*** Opening of Data extract ***

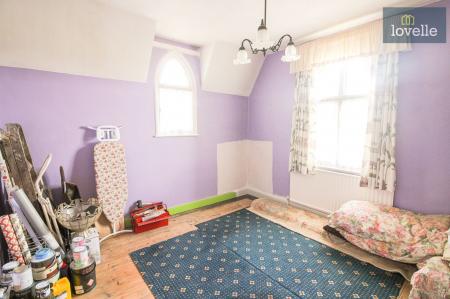 3 bedroom Detached house for sale in Kenwick, Louth, LN11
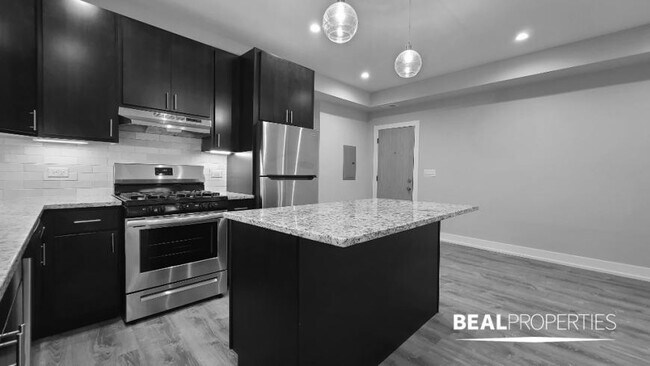 Building Photo - 1 bedroom in EVANSTON IL 60202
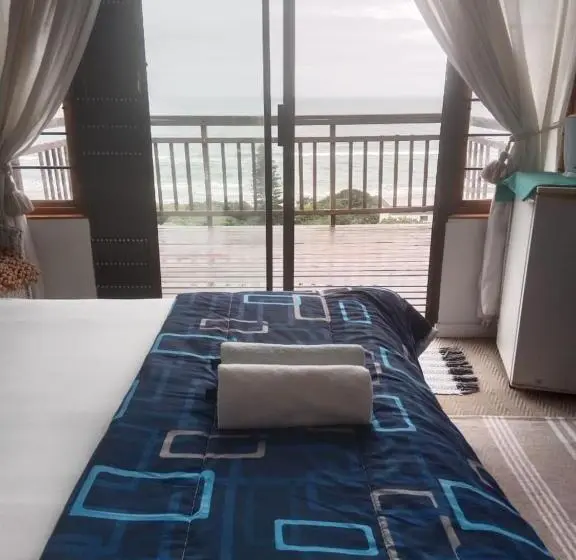 オーシャンビュースタンダードルームバルコニー付き, Bayview Guest House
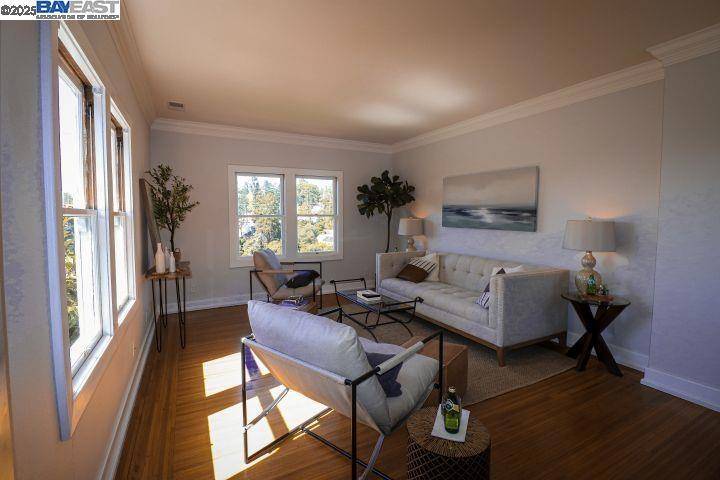 Oakland, CA 94602,828 Everett Ave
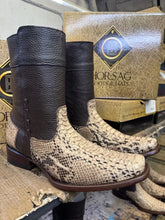 Cargar imagen en el visor de la galería, ED3002 - Bota dubai casual estribo pitón café claro
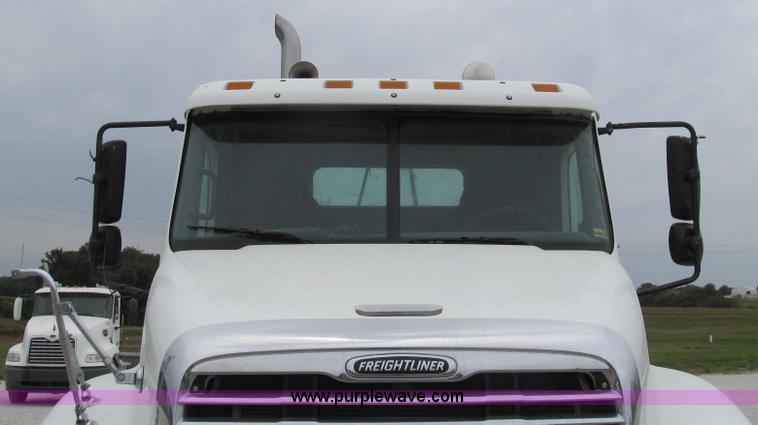 image for item G2062 2005 Freightliner Columbia C12064ST semi truck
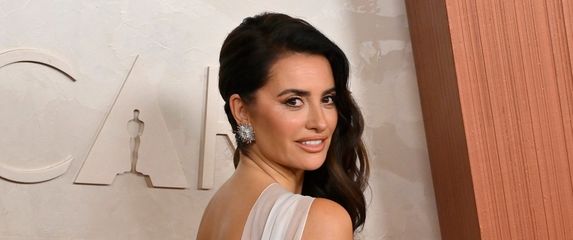 Penelope Cruz u bijeloj Chanelovoj haljini na dodjeli Oscara 2025. - 2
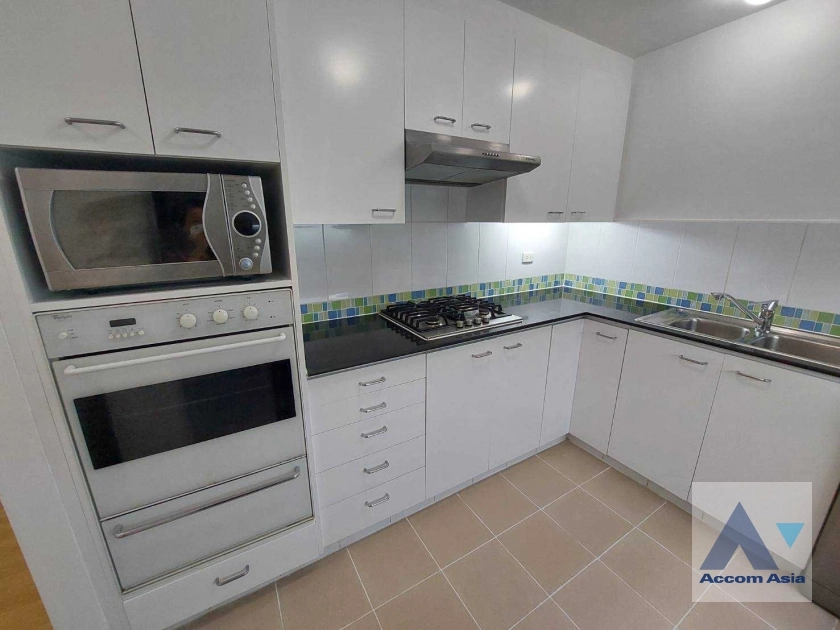 8  3 br Apartment For Rent in Sathorn ,Bangkok BTS Sala Daeng - MRT Lumphini at Children Dreaming Place - Garden AA38238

*** Close of Data extract ***

What you are asked to do: In the listing above, find the line containing "Oakland, CA 94602,828 Everett Ave" and the line containing "Penelope Cruz u", then return both of them and every line between, exactly, without pictures.

Written answer:
 Oakland, CA 94602,828 Everett Ave
 Cargar imagen en el visor de la galería, ED3002 - Bota dubai casual estribo pitón café claro
 image for item G2062 2005 Freightliner Columbia C12064ST semi truck
 Penelope Cruz u bijeloj Chanelovoj haljini na dodjeli Oscara 2025. - 2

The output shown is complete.